__Your instructions__.
Pictures aside, the output must consist of the lines from the one containing "5862 Columbia Circle Greenwood IN 46142" through the end of the data, reproduced exactly.

++++ Given data

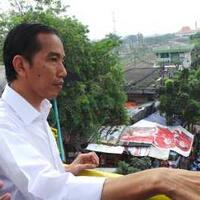 terjebak-macet--jalur-neraka--tanah-abang-jokowi-jalan-kaki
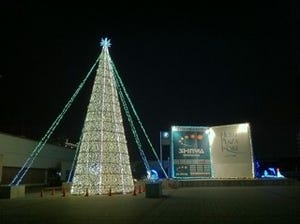 神出鬼没の巨大ツリーが、今年は兵庫県神戸市・六甲アイランドに現る!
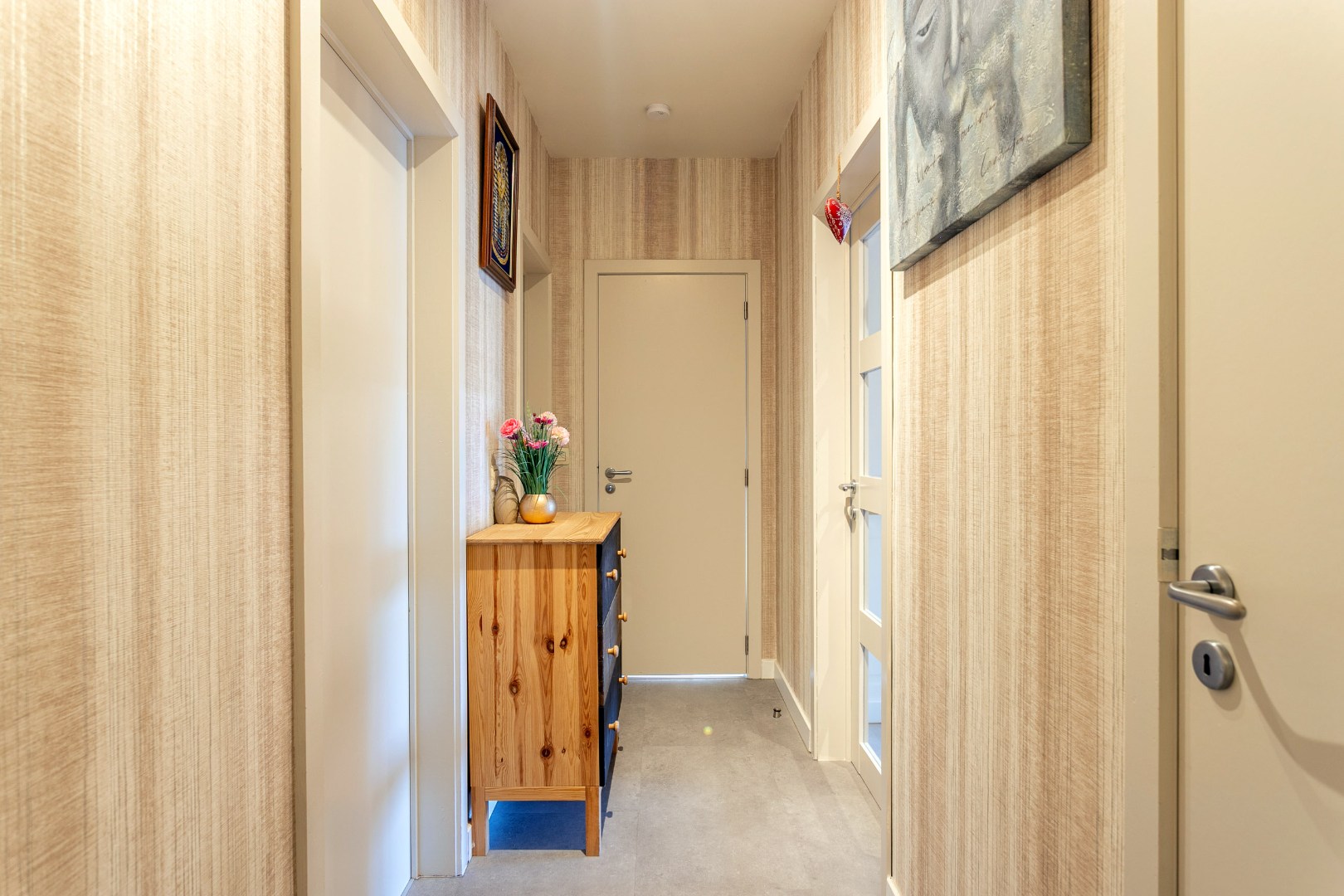 Instapklaar 2 slpk appartement met garage te Halle 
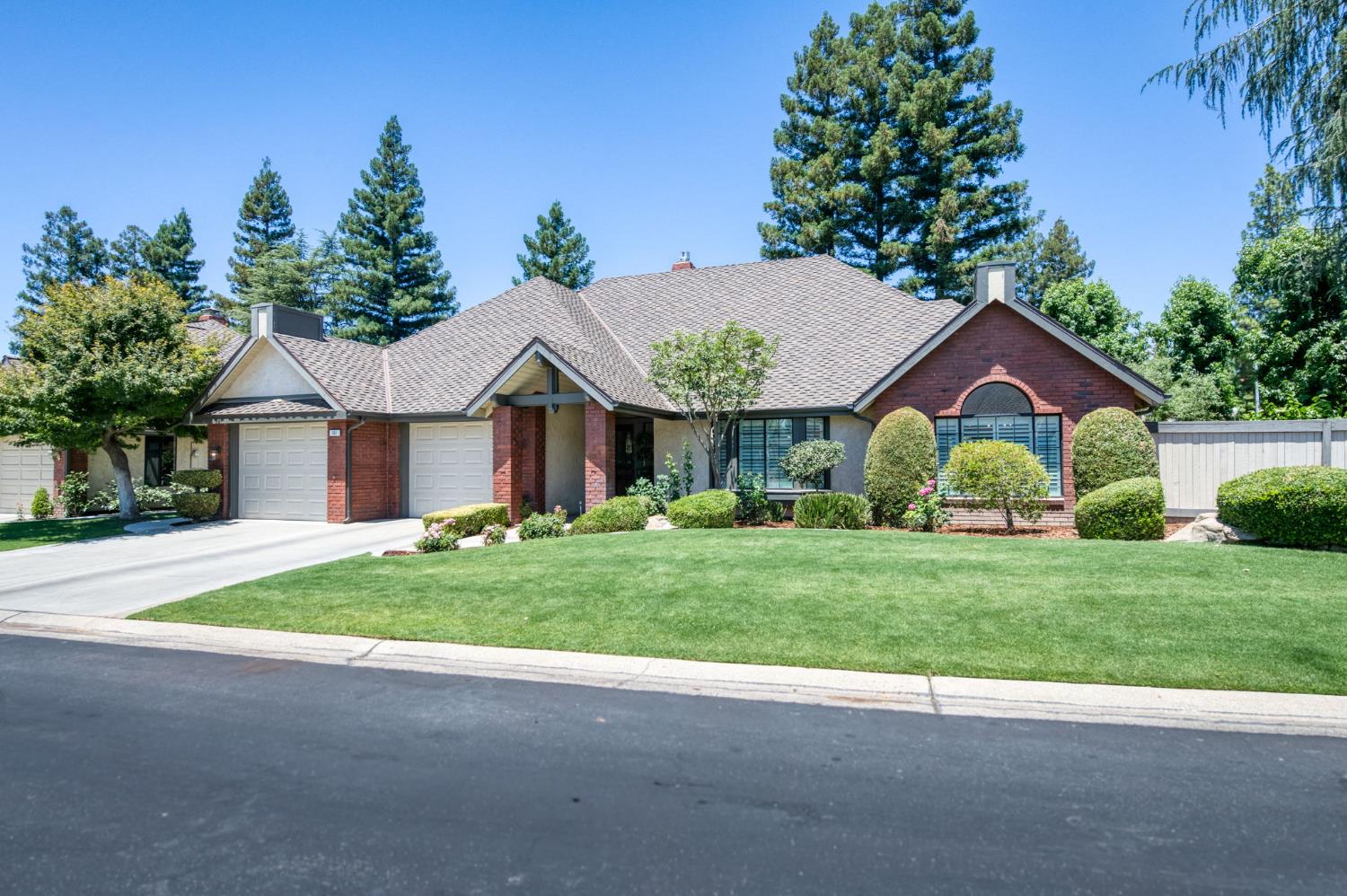 2555 W Bluff Ave #101, Fresno, CA 93711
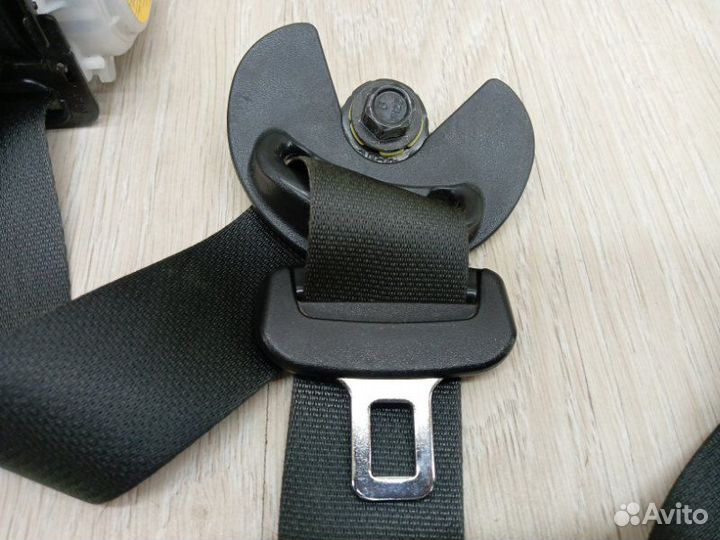 Ремень безопасности с пиропатроном передний левый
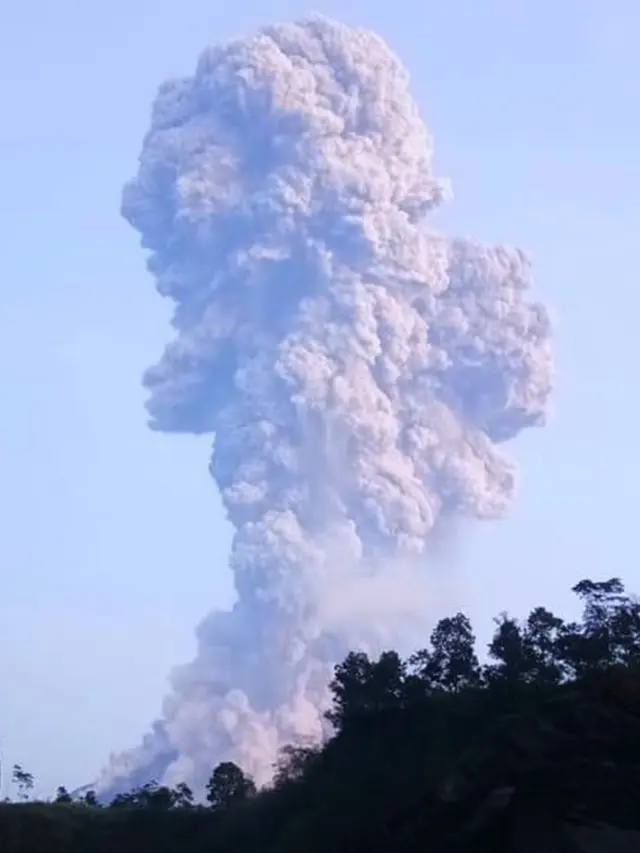 Gunung Merapi Erupsi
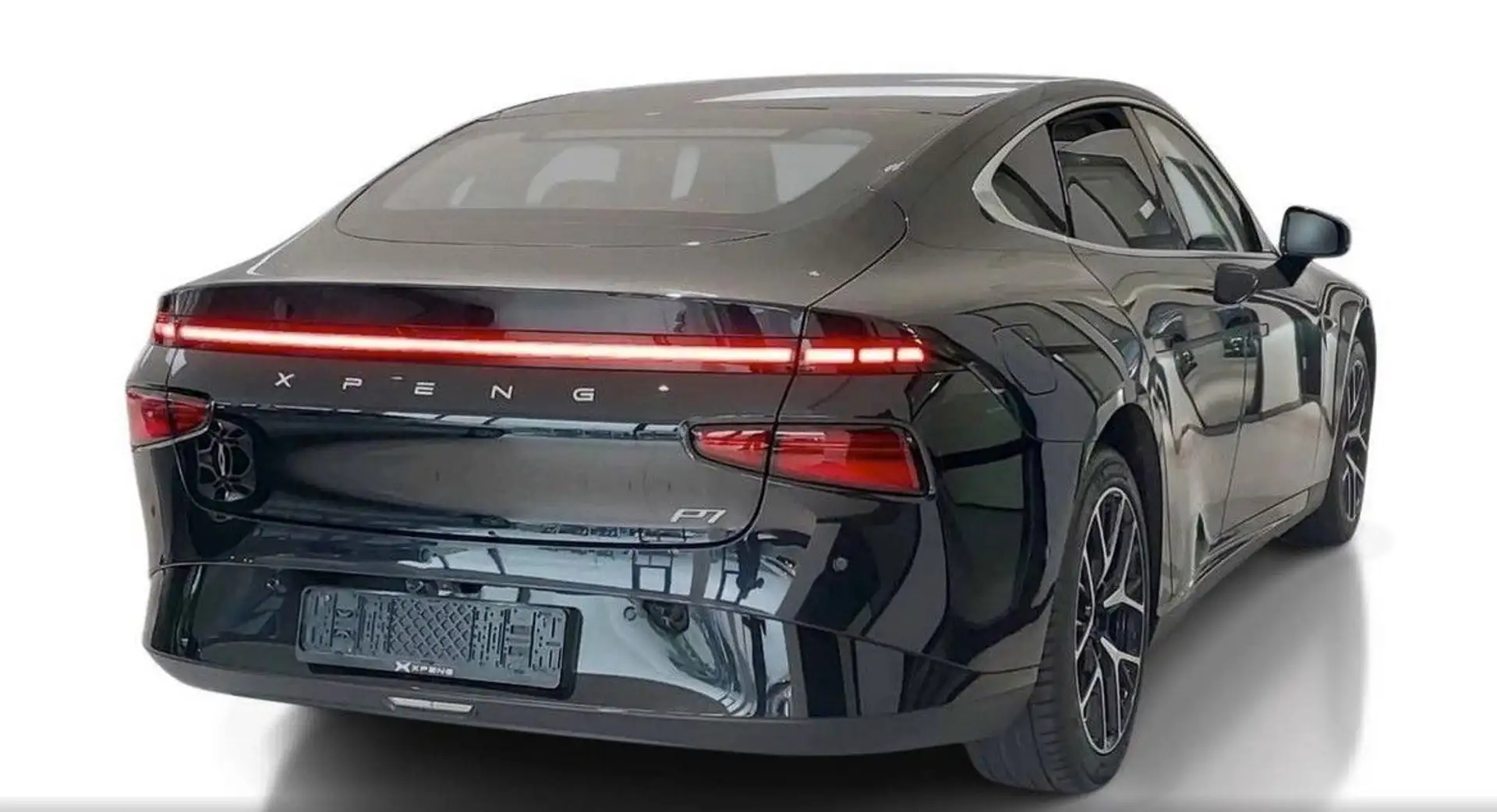 Xpeng P7 Long Range ACC 360°K Pano Memory 4xSiHz Black - 2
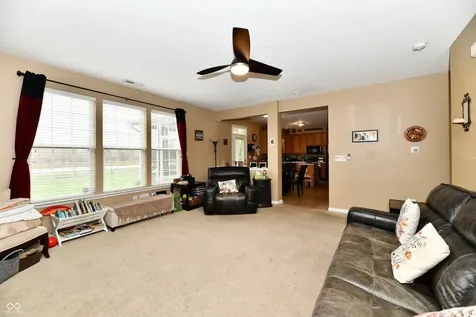 5862 Columbia Circle Greenwood IN 46142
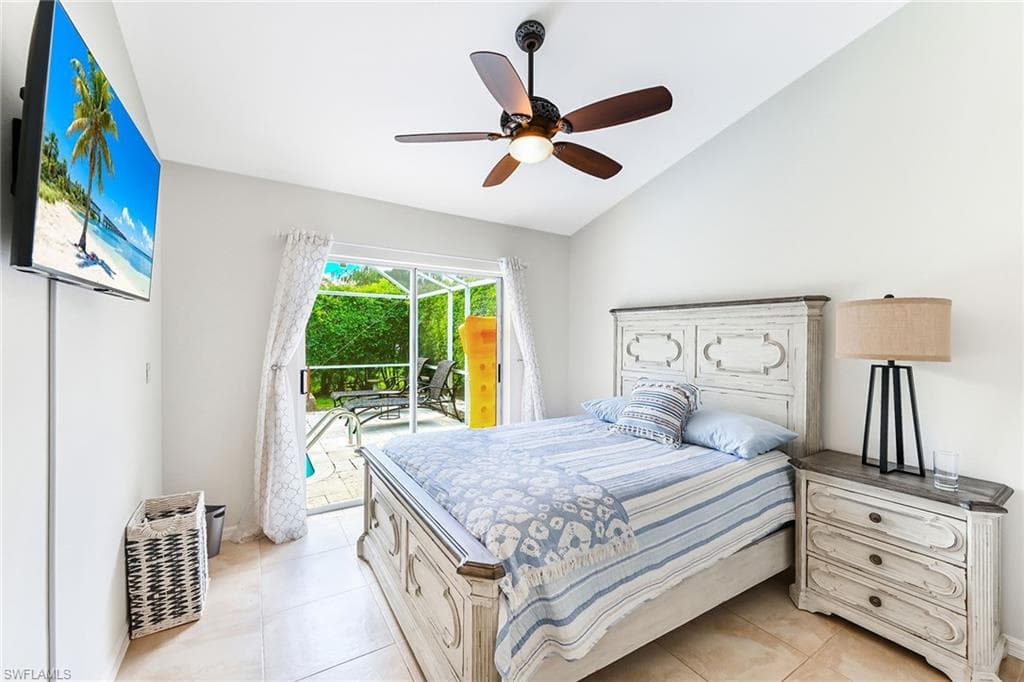 589 Lambton LN, NAPLES FL 34104-14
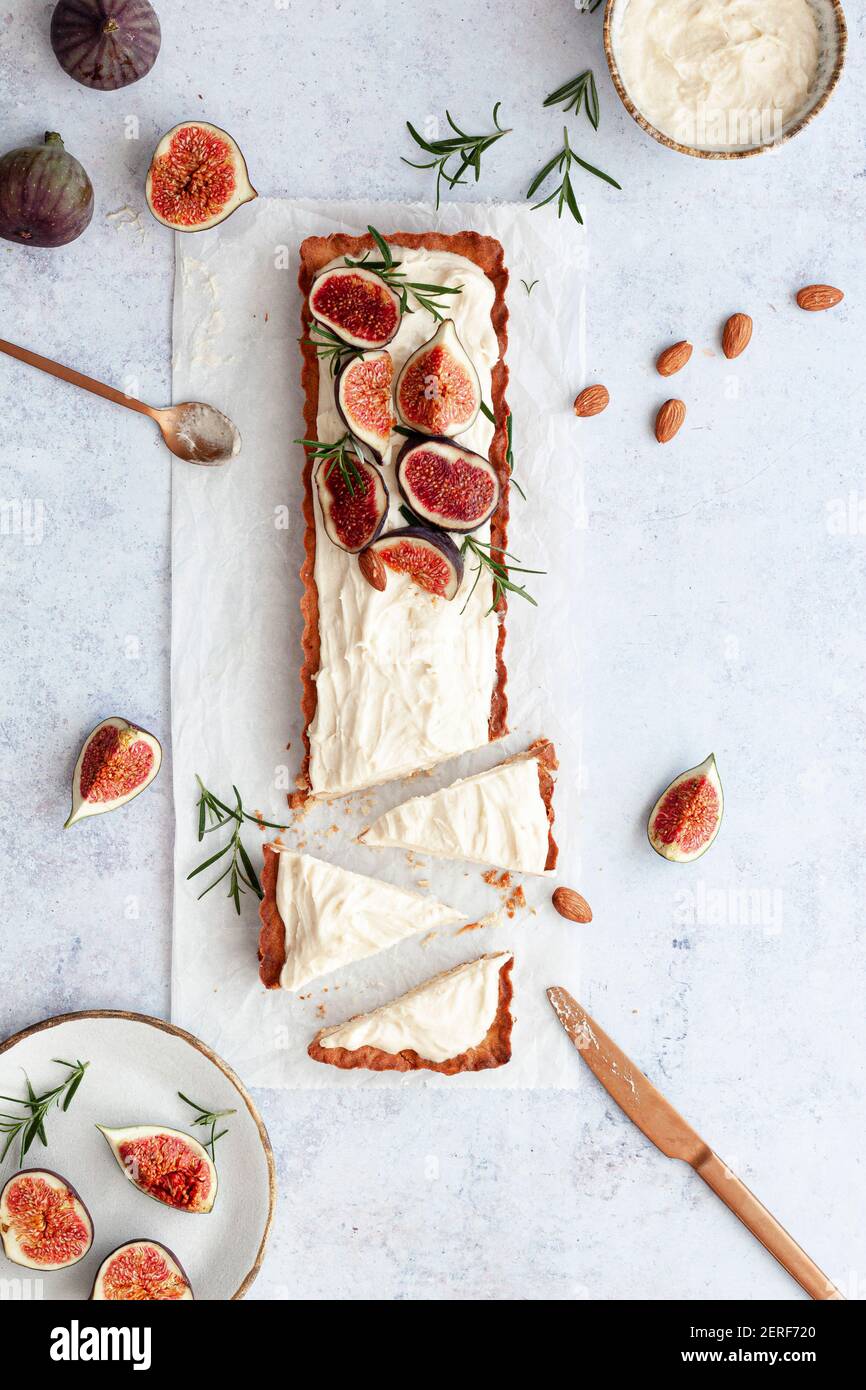 Tarteler avec de la crème d'amande, des figues fraîches et du romarin. Banque D'Images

++++++++

__Output below__.
 5862 Columbia Circle Greenwood IN 46142
 589 Lambton LN, NAPLES FL 34104-14
 Tarteler avec de la crème d'amande, des figues fraîches et du romarin. Banque D'Images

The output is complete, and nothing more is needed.